で、こういうまっとうスポーツマンガって最近読んでなかったのでぐいぐい引き込まれた。

・・・って、こう書くと、そもそもまっとうなスポーツマンガってなんだ?って話だけども。

まあ、世に数多あるスポーツマンガがまっとうじゃないなんて言うつもりはさらさらない。
ただ、最近こういう、所謂「才能」がない主人公って読んでなかったなぁっていうことが言いたい。
で、才能のない主人公が、負けまくりながら、それでもひたすら努力を続けるっていう話を、ちゃ〜んと丁寧に描かれたら、そりゃあおもしろいよなぁっていう、当たり前といえば当たり前のことを、改めて思い知らされてのだ。

というのも、物語を展開させるには、主人公には何かしらの『才能』があった方が描きやすいわけだ。
まあ、「テニスの王子様」なんてのはその典型だけども。
例えば「キャプテン翼」の大空翼の圧倒的な才能とか。
「YAWARA!」の猪熊柔の天才っぷりとか。
そういうのは全て、物語の推進力として抜群に機能していた。

まあ、所謂天才とまではいかなくとも、「スラムダンク」に於ける努力担当主人公、桜木花道の、身長というアドバンテージとか。
あと、スポーツマンガじゃないけど、「ちはやふる」のちはやの、耳がいいってのもその類だな。

あるいは、生まれつきの才能じゃなくても、物語が始まる前段階で主人公が鍛えられていたパターンも多い。
「はじめの一歩」の一歩が、釣り船のバイトのおかげで下半身が尋常じゃなく鍛えられていたとか。
「アイシールド21」の小早川瀬那が、パシリをしまくっていたおかげで足が速いとか。
「あしたのジョーの」のハングリー精神なんてのも、その類か。

とにかく、スポーツマンがの主人公は、そういう「武器」を持っていることが多い。
てか、武器が必須なのだ。
なぜなら、その武器が、そのまま主人公が勝つ理由になるから。

ところが今作、あさひなぐに関しては、主人公に勝てる理由がない。
なにせ運動音痴だ。
しかもちびっこだ。
あげく、高校ではじめての運動部デビューだ。
勝てる要素が何一つない。

で、そんな負けて当たり前の主人公が、それでもなんとか勝つために努力する姿ってのは、美しい。
まあ、その努力が常に報われるわけではないのだけども。
その、「努力が、報われない時だってある」ってのを、ちゃんと描いているからこそ、主人公の健気さが、胸を打つ。

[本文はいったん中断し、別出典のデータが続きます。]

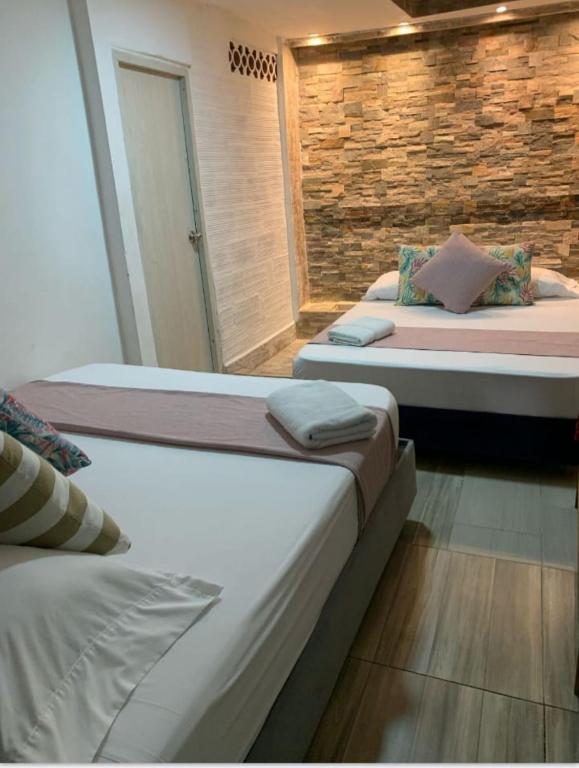 Postel nebo postele na pokoji v ubytování Hostal Catalleya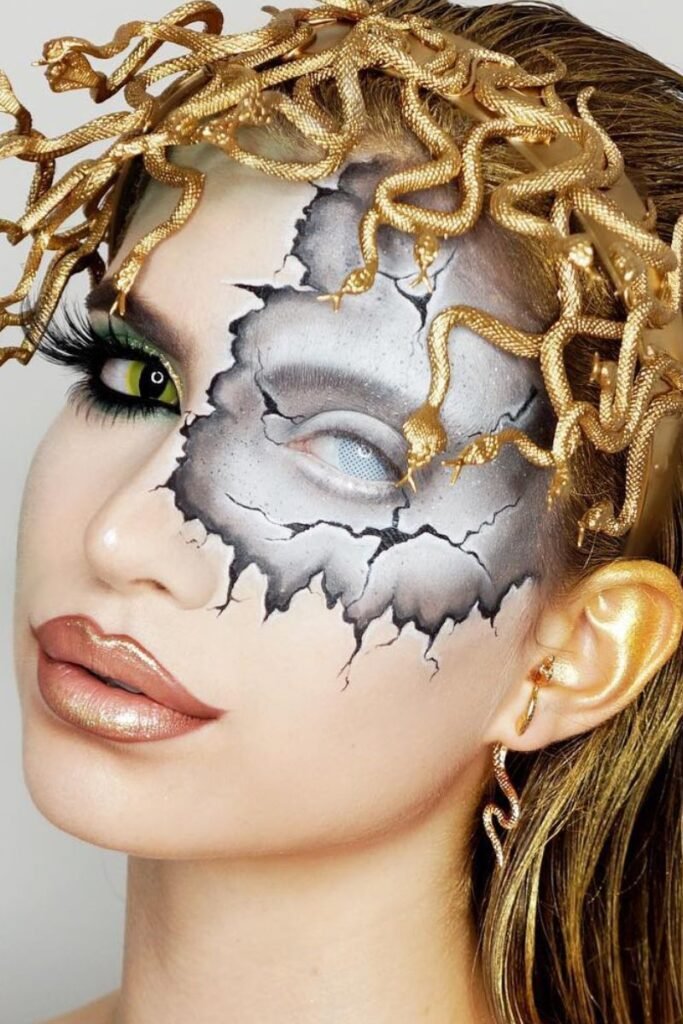 Medusa with gold serpentine accents and sleek wet look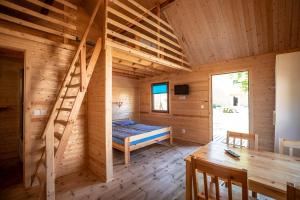drewniany domek z łóżkiem i drewnianą podłogą w obiekcie O.W.Cynamon w Dziwnowie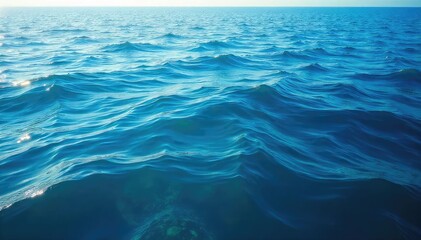 Vast expanse of deep blue ocean water, sunlit surface shimmering with subtle waves, tranquil scene of untouched marine environment , blue, aquatic life, background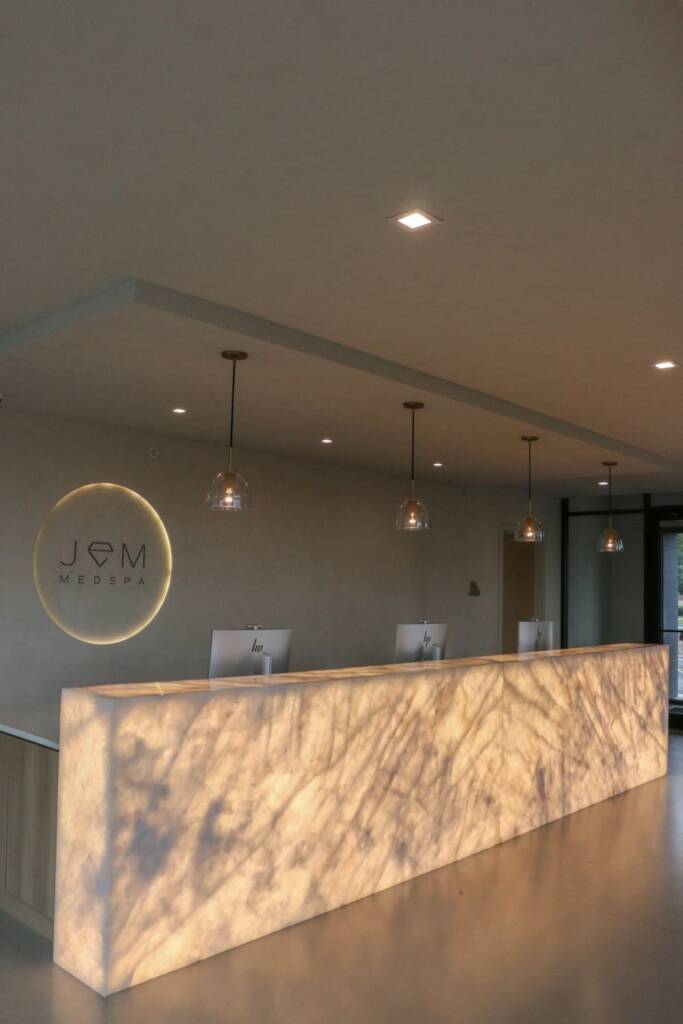 Backlit crystallo quartzite reception desk at jem spa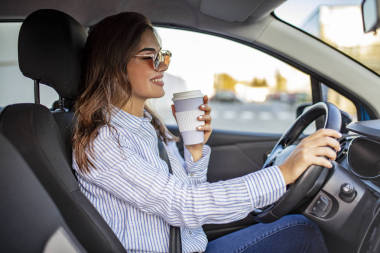 快樂的年輕女人喝咖啡去開車。 女人開車時喝了一杯咖啡。 年輕婦女開車時喝咖啡。 迷人的黑發(fā)女人開車
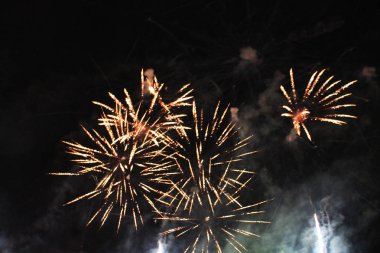 Gece gökyüzünde güzel havai fişekler. Bir buket sarı ve beyaz ışıklar. Noel ve yeni yıl kutlama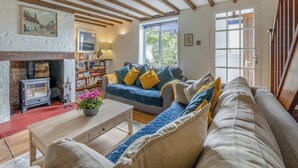 Una sala de estar acogedora con vigas de madera a la vista, una chimenea, un sofá con cojines, una mesa de centro y una estantería.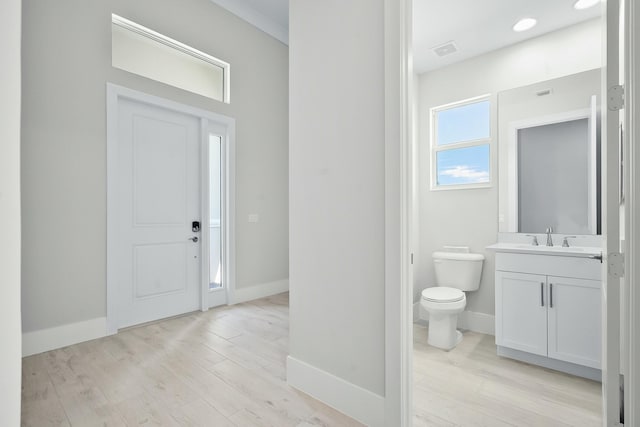 entrance foyer with visible vents, light wood-style flooring, and baseboards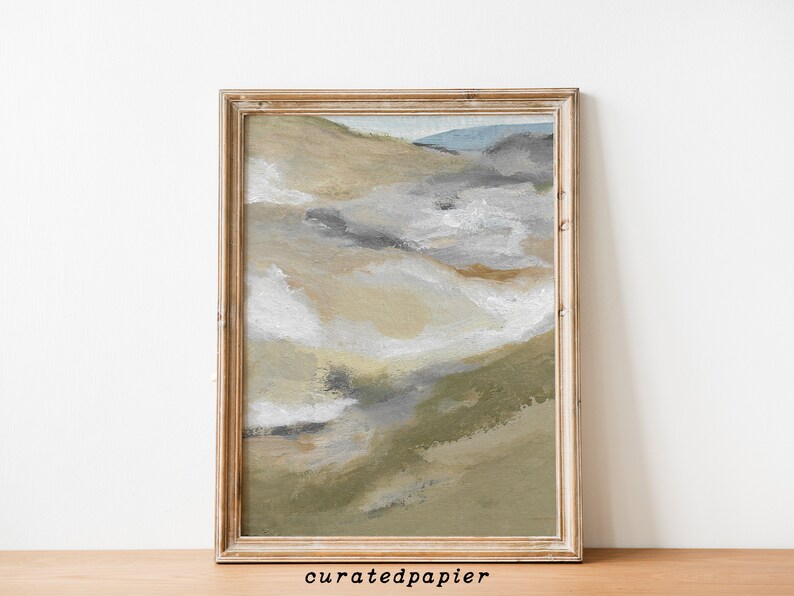 May include: Abstract landscape painting in a gold wooden frame. The artwork features a blend of neutral colors, including beige, gray, and green, with hints of blue. The painting has a textured appearance, with visible brushstrokes. The text "curatedpapier" is in the bottom left corner.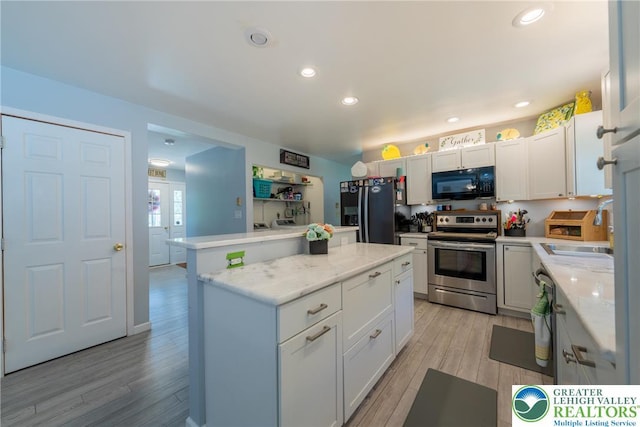 2175 Village Rd, Chestnuthill Twp, PA 18330 - kitchen featuring black appliances, a kitchen island, light wood finished floors, recessed lighting, and white cabinets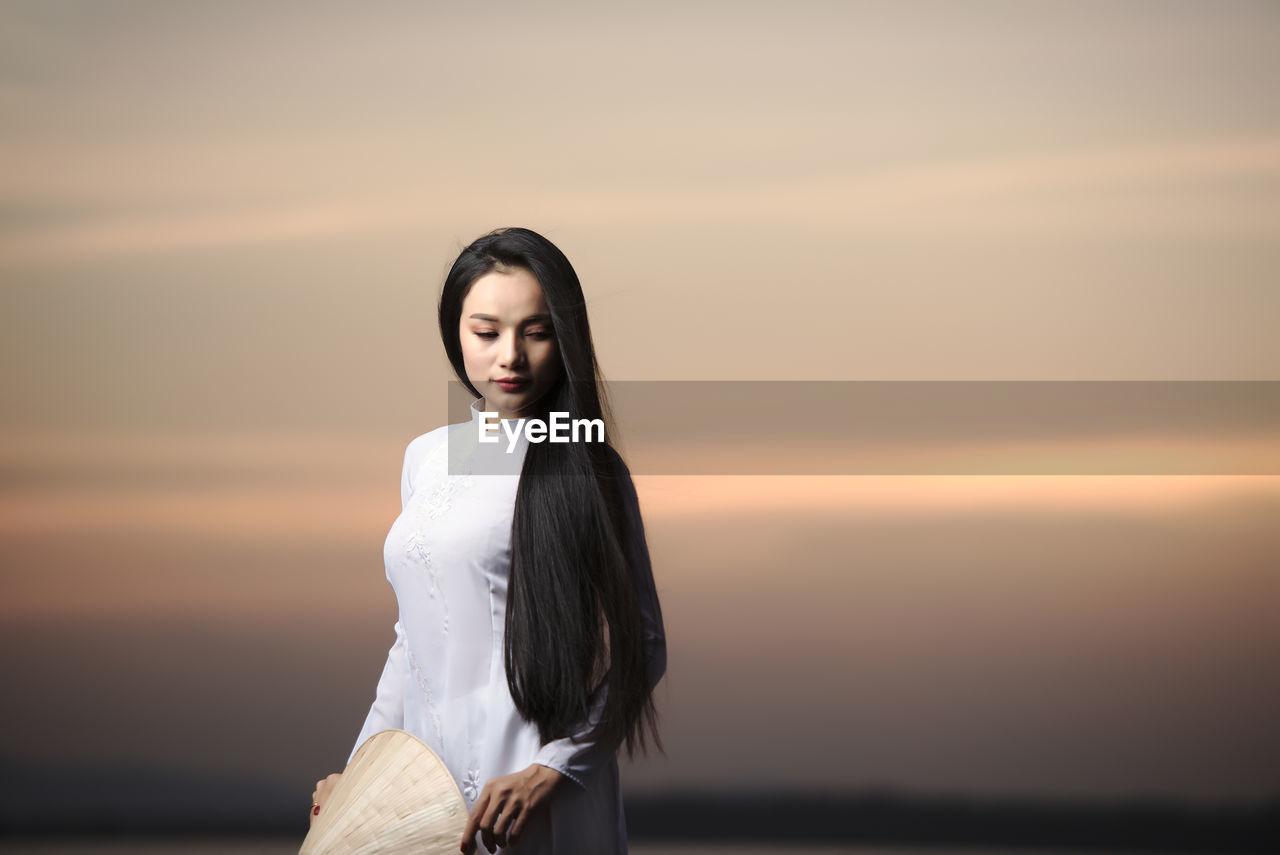 Portrait of beautiful asian girls with ao dai vietnam traditional dress on sunset landscapes.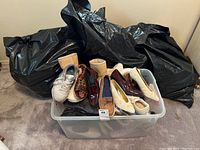 Three large black bags and one clear plastic tub containing assorted used women's shoes in a variety of styles and conditions.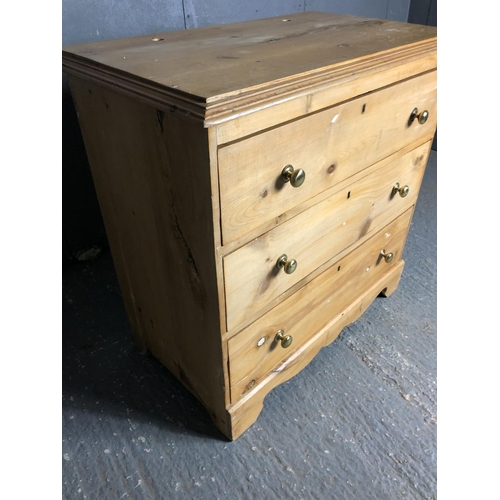 35 - A solid pine chest of three drawers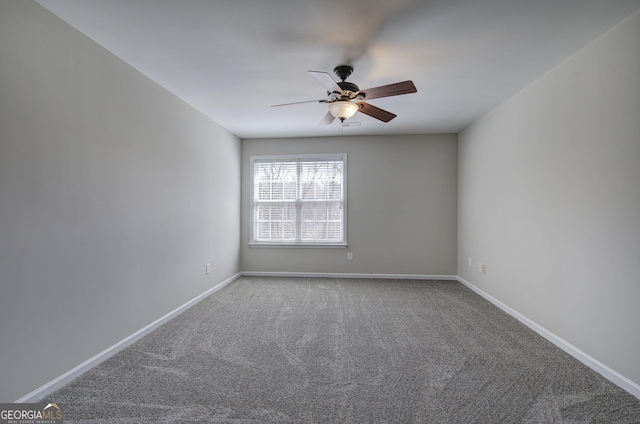 carpeted empty room with a ceiling fan and baseboards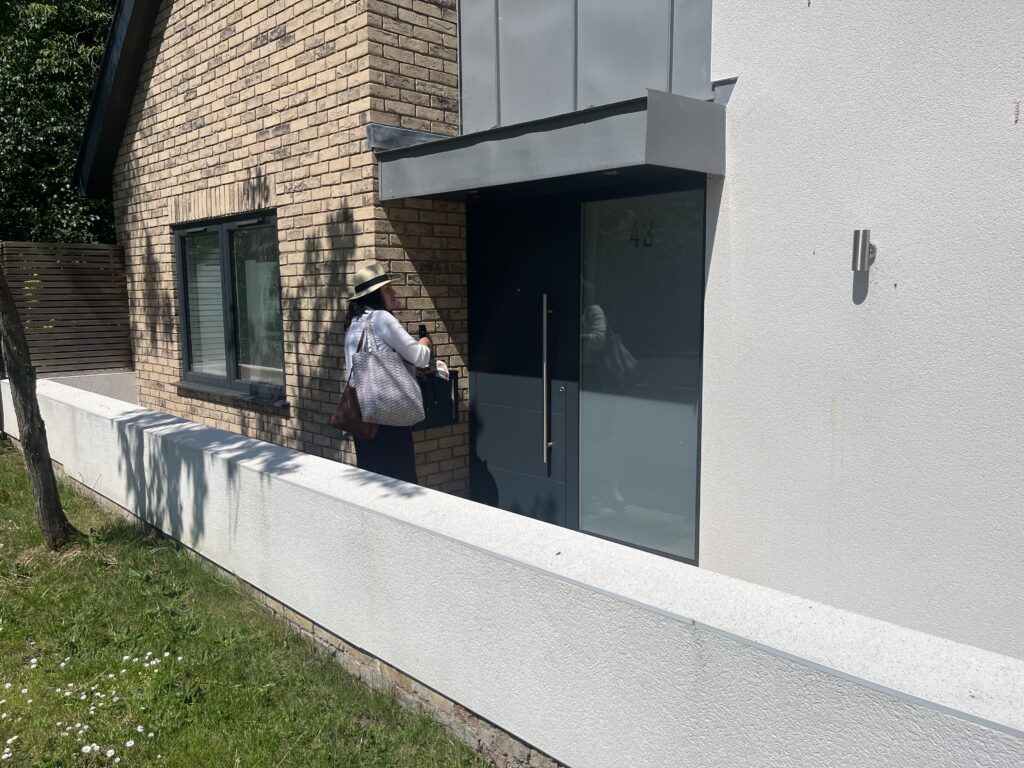 Victoria Collins knocking on doors in Harpenden.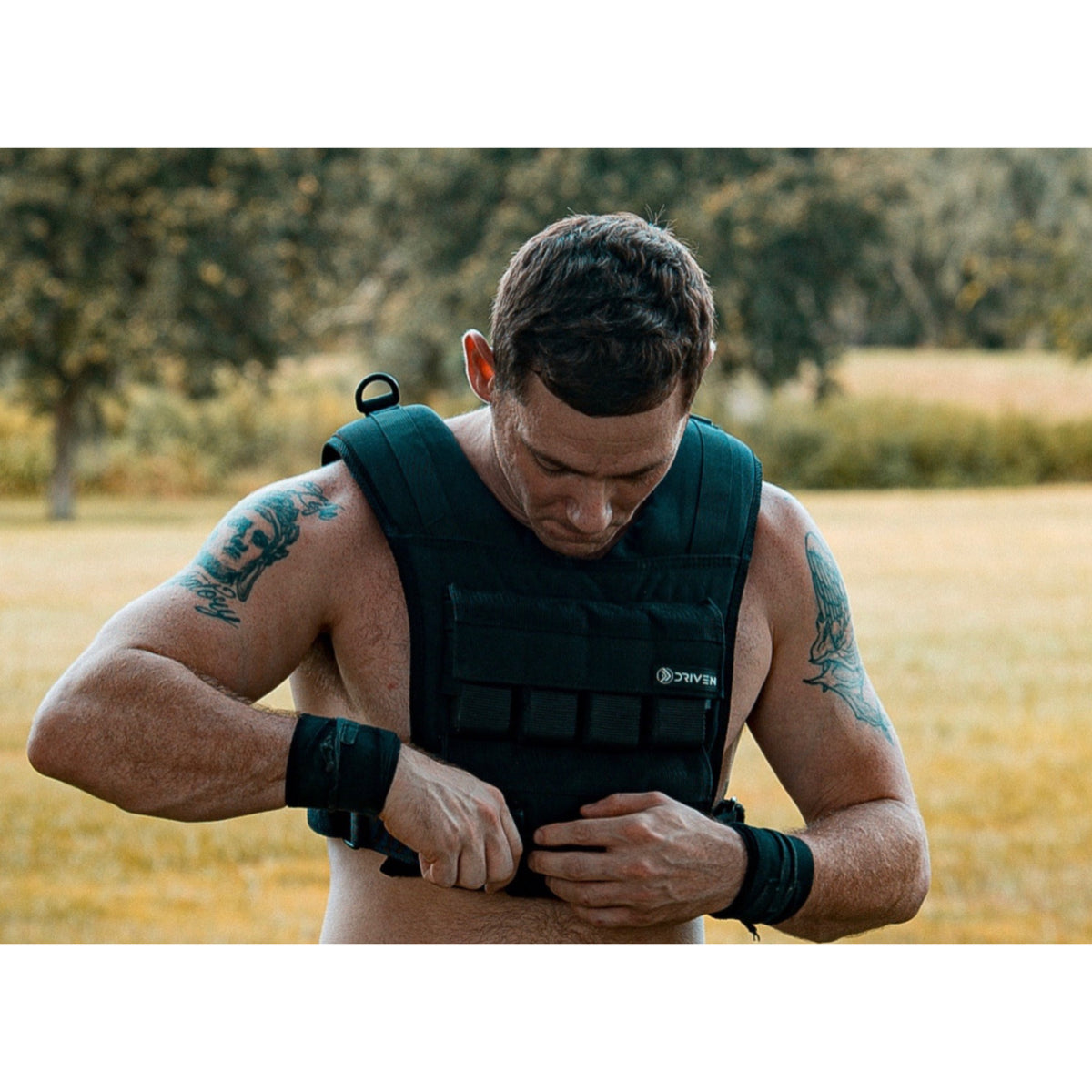 Man wearing a black weighted vest outdoors in a natural setting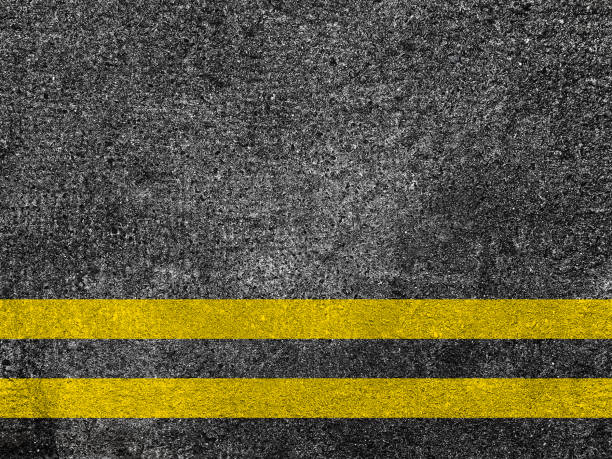 istock Asphalt road with double yellow lines 1353118754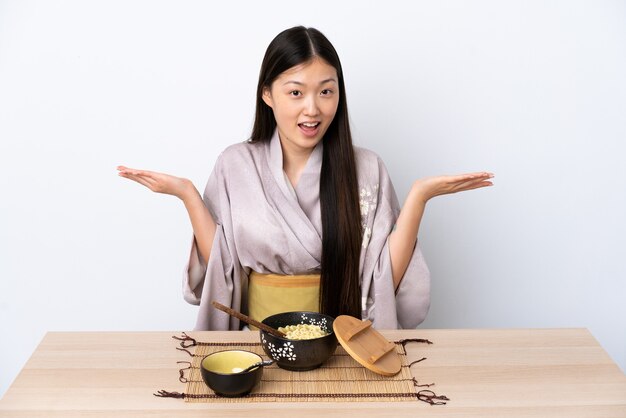 Niña china con kimono y comiendo fideos con expresión facial de sorpresa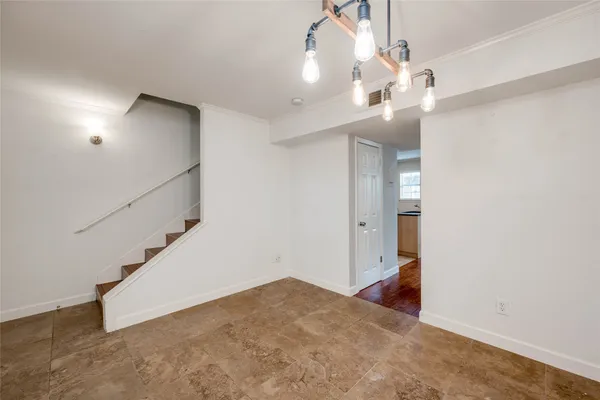 a view of empty room with wooden floor and kitchen view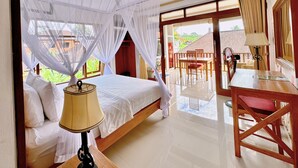 Een slaapkamer met een bed, een nachtkastje met lamp, een raam met witte gordijnen en uitzicht op buiten.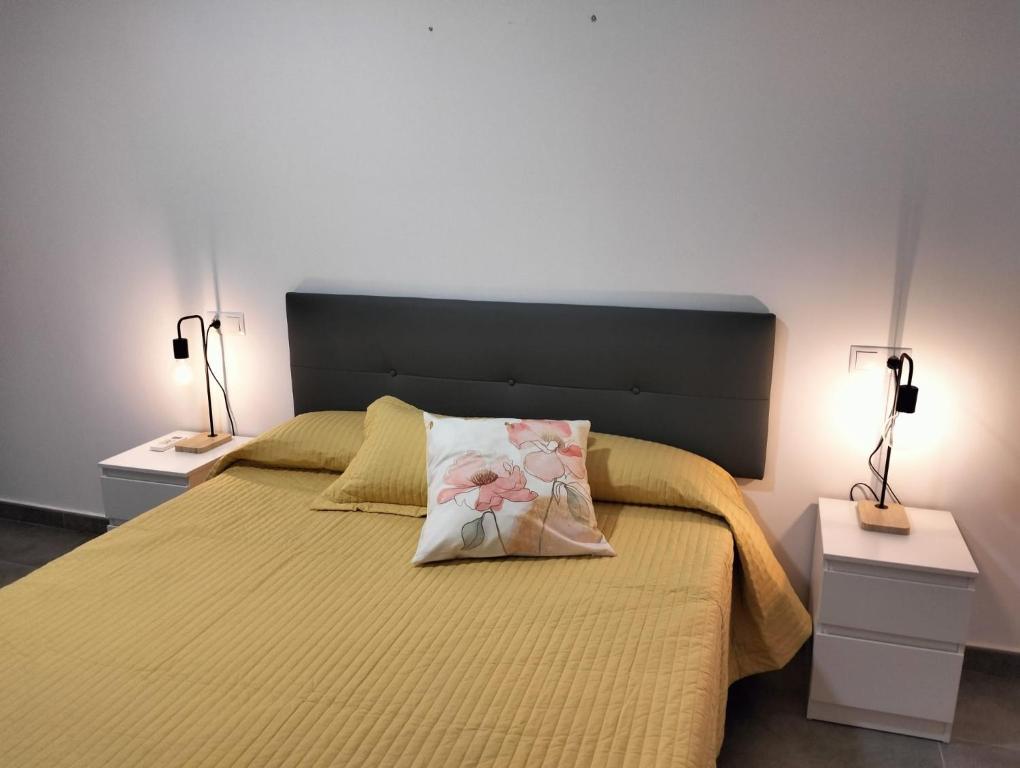 Un dormitorio con una cama grande con dos mesitas de noche. en Alojamiento las Dunas alto, en Tabernas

まあ、そういう話だから、物語展開としては、もたもたしているし、決して派手ではない。
だけども、その分誠実に、なぎなたというマイナー競技(失礼!!)を描いているように感じた。

・・・書きながら思ったが、マイナー競技っていうのは、この物語を語る上で欠かせないポイントだな。
これが、もっと裾野の広いスポーツ・・・例えば剣道だったら、こういう物語は成立しない。
なぜなら、剣道に於いて、高校デビューのポッと出が活躍するなんてありえないから。
(まあ、だからこそ「六三四の剣」は小学校から描いていたのだろう。)
なぎなたという、裾野がそれほど広くない競技だからこそ、高校デビューにも、納得ができるし、主人公の努力が報われる瞬間にリアリティが生まれる。
そう考えると、作者がなぎなたマンガを描くにあたって、「なぎなたの隠された才能を持つ少女」ではなくて、あくまでも運動音痴の女の子を主人公にしたのって、マイナー競技の魅力を最大限に引き出すための選択だったんだろうなぁ。
で、それは大正解だったわけだ。

大正解ついでに、とりとめのない語り口になるけども。
作者は、なぎなたをマンガにするってことに対して、かなり戦略的だ。
例えば、すねへの攻撃が有効か否かが、薙刀と剣道の最大の違いらしいのだけども。
そのすねへの一撃の描き方が素晴らしい。
下からのカメラアングルで、思いっきりパースをつけて、すねというわりと地味な箇所への攻撃をめちゃめちゃカッコよく描く。
当たり前だけど、剣道マンガではこの構図はできない。
つまり、この作者は、構図一発で、剣道となぎなたの違いを切り取ってしまっているわけだ。
これは、なかなかの達者ぶりだなと思う。

作者がなぎなた経験はほぼ皆無と知った時は、驚いたが、こういう構図の切り方って、なぎなた未経験者ならではの、客観性の賜物なのかなと思ったりした。

というわけで。
最近では珍しい、がむしゃらに努力する主人公の物語。
勿論、オススメです。

追記
あと、このマンガは一種の群像劇でもあって。
なぎなたというマイナーな競技だからこそ、それを始めるにはそれなりのドラマがある。
その辺りの描き方も、やたら丁寧でよかった。
特に、6巻の剣道娘はグッときたなぁ。